Secret Tips from Bloggers
Want the most valuable secret tips to make your trip to Fiji the very best? These are the bloggers “who’ve been there” and “done that.”
If you still don’t think Fiji is within your budget, blogger, Anna covers how that’s just a misunderstanding. Read how she took a spontaneous trip to Fiji on a budget and had the time of her life.
Meanwhile, blogger, Annie, shows you why you must visit the other islands of Fiji apart from the mainland of Viti Levu. Many first-time visitors limit themselves on their holiday. Read about how to island-hop.
For an authentic insider’s perspective, read Lena’s blog. Lena was a teaching assistant in Fiji for four months, enough time to visit Fiji’s hidden treasures like Sigatoka Sand Dunes, Rainbow Reef, and Mamanuca Islands.
TOP 7 Instagrammable Places
- #fijiislands with 213k posts
- #albertpark with 207k posts
- #turtleisland with 167k posts
- #coralcoast with 61.8k posts
- #floatingisland with 42.1k posts
- #yasawaislands with 32.3k posts
- #manaisland with 23.2k posts
Fun Facts About Fiji
Whether its history, geography, politics, or culture, there’s a wide variety of fun facts about the South Pacific island nation of Fiji. Here are a few:
- Fiji only gained its independence from the British Empire in 1970.
- Scientists have identified over 1,500 species of sea life in Fiji’s waters.
- Indian cuisine and its use of spices strongly influences contemporary Fijian food.

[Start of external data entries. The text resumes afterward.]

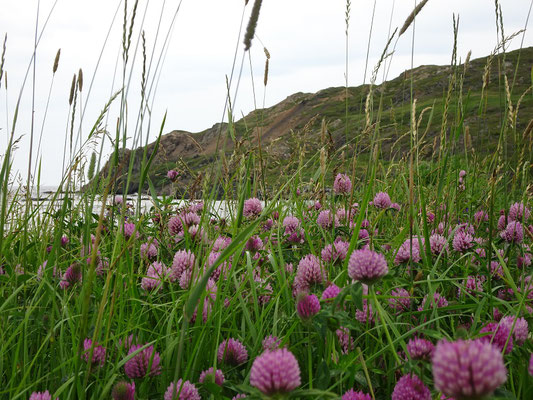 Urlaub in Neufundland: Sommer in Twillingate.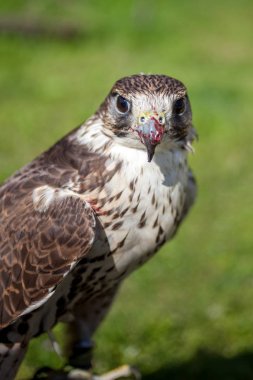 Yemekten sonra kanlı bir Gaga ile Şahin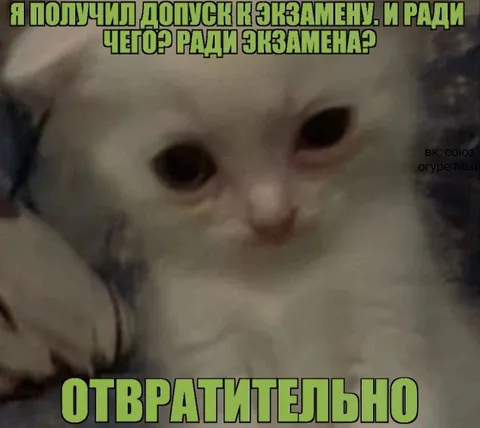 Кот разочарован экзаменом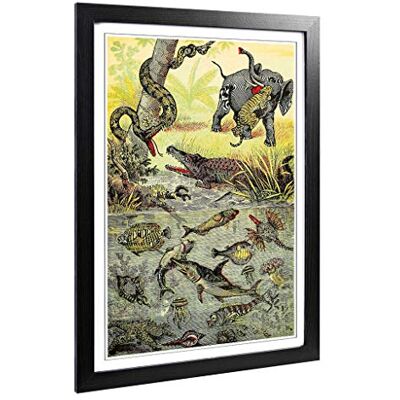 Big Box Art Framed Print of Vintage Animals. Reptiles & Fish of The Tropics Design Wall Art Picture Home Decor for Kitchen, Living Room, Bedroom, Hallway, Black, A2 / 24.5x18 Inch / 62x45cm Big Box Art Framed Print of Vintage Animals. Reptiles & Fish of The Tropics Design Wall Art Picture Home Decor for Kitchen, Living Room, Bedroom, Hallway, Black, A2 / 24.5x18 Inch / 62x45cm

- Fijian mythology claims that they came from Taganika, which was north of Egypt, in 1500 B.C. carrying treasures from the Temple of King Solomon in Jerusalem.
- In 1789, Captain William Bligh and 18 crew members found themselves left adrift from Tahiti by mutineers on the HMS Bounty. Fijian war canoes chased them in what is today called Bligh Water. The 1935 film “Mutiny on the Bounty” is the best known retelling of the story.